Miguel
Miguel

Reputation: 3496

IEnumerable<T> and "yield return" performance question

Good afternoon,

I am writing a simple lexer which is basically a modified version of this one. After getting each token I need to perform slight modifications and re-analyse it to re-check it's type. Also, of course, after the lexical analysis I need to re-use the whole token list to make a kind of "parsing" on it. My question is if using IEnumerable<Token> and yield return statements in the lexer can make the whole program's performance slower... Would it be preferable to use a List<Token>, to build the list iteratively and use a normal return statement? What about iterating throught the IEnumerable/List? Which one is faster?

Thank you very much.

Upvotes: 3

Views: 1890

Answers (4)

dark_perfect
dark_perfect

Reputation: 1478

By now, I'm sure you'll see that you're trying to optimize prematurely, which is, according to many, the root of all evil.

However, if you REALLY want to speed this up, regular expressions seem an expensive way to do it. Everytime you do a Regex.Match(), you're scanning the string again, which results in at least as many scans as you have tokens.
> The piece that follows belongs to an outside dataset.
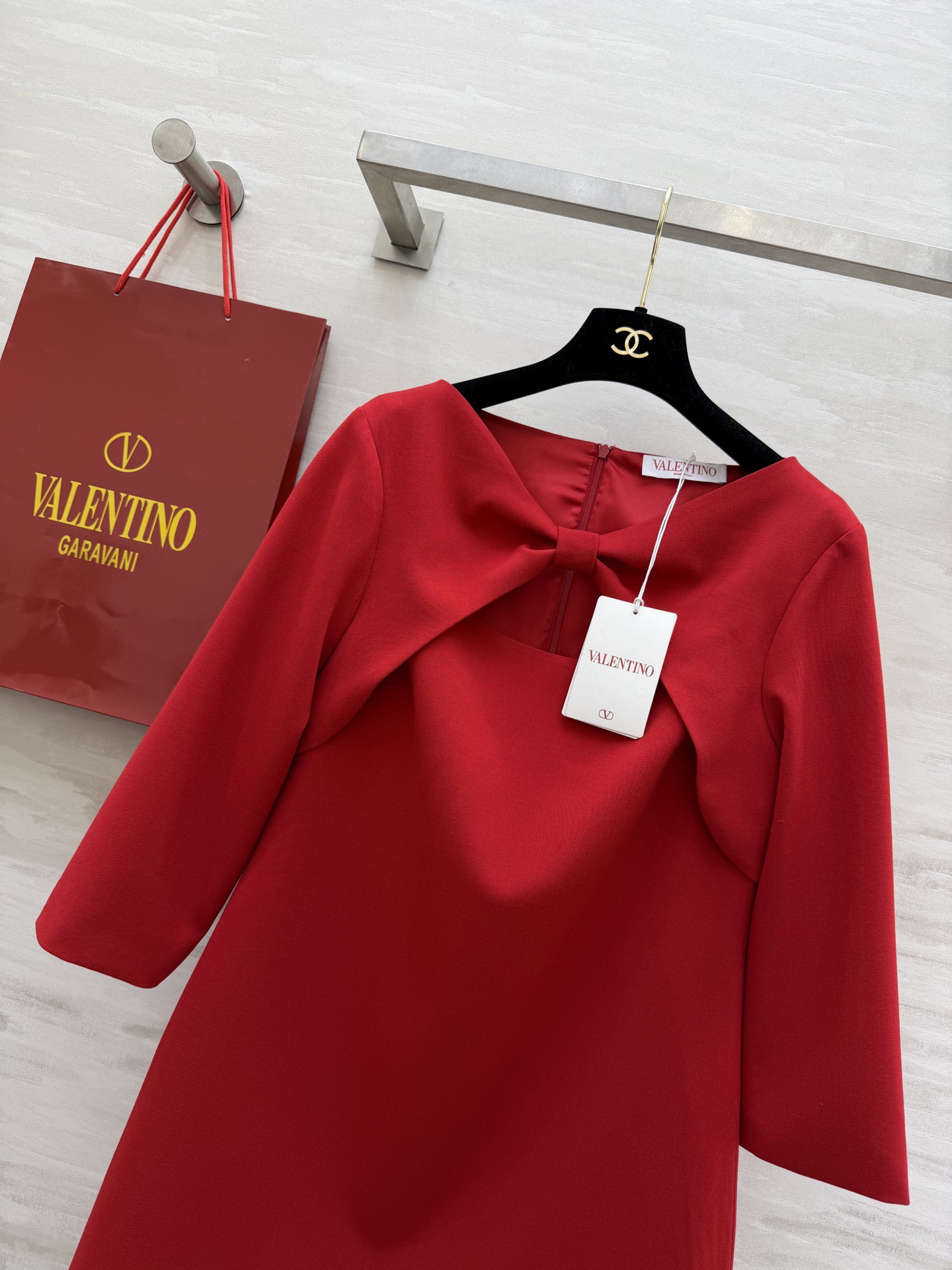 #Valentin♡²⁶拼色连衣裙 领口大蝴蝶结设计优雅又复古✨ 剪裁修身 七分袖设计 春夏穿超合适！配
If you know the boundaries that define a token ('{' and '}', for example), you could scan the string once to build the enumerable of tokens (with yield, or list, I don't think that'll make much difference). The caller can then rebuild the string, looking up the values to replace the tokens with.

Of course, this would only work with simple "search and replace" type tokens. More complex ones would require something more sophisticated, such as a regex. Perhaps you could extend the TokenDefinition to specify whether the match is a simple one or a regex one. This would cut down the number of regular expressions performed, but still keep the flexibility required.

Upvotes: 0

Hans Passant
Hans Passant

Reputation: 941317

You are asking the wrong question, you should be worried far more about the cost of Regex. Enumerating the tokens will be a very small fraction of that, there's just no point in optimizing code that could be double as fast but only improves program perf by 1%.

Write the code, profile it, you'll know what to do for version 2. Given that these kind of tools run at 'human time' (no perceptible difference when the program takes twice as long when it needs 20 milliseconds), the most likely result is "nothing needs done".

Upvotes: 6

ichen
ichen

Reputation: 512

IEnumerable and yield return statements are converted into an GetEnumator() and the implementation of an enumerator in IL code.

Although yield return has its merits in terms of doing some additional work for each token returned during enumeration, I'd stick to List creation and returning the list as it incurs less method calls and therefore should be faster.

Upvotes: 1

Jon Skeet
Jon Skeet

Reputation: 1500075

It's possible that it will have some performance impact - but it also allows the iterator to be built lazily.

Personally I'd write the code in the most readable way and measure its performance - then start worrying micro-optimizing this sort of thing. Test it one way, test it the other way, see how much readability you lose (if any) by using the most performant solution, and how much speed you actually gain.

Note that there's a very slight performance benefit to iterating over an expression which is known to be of type List<T> vs iterating over an IEnumerable<T> which happens to be implemented by List<T>, as List<T> implements the iterator itself using a mutable struct... basically you'll end up with a boxed value if you use the higher abstraction layer, but in that particular case I would almost certainly prefer using the right abstraction over the tiny performance improvement.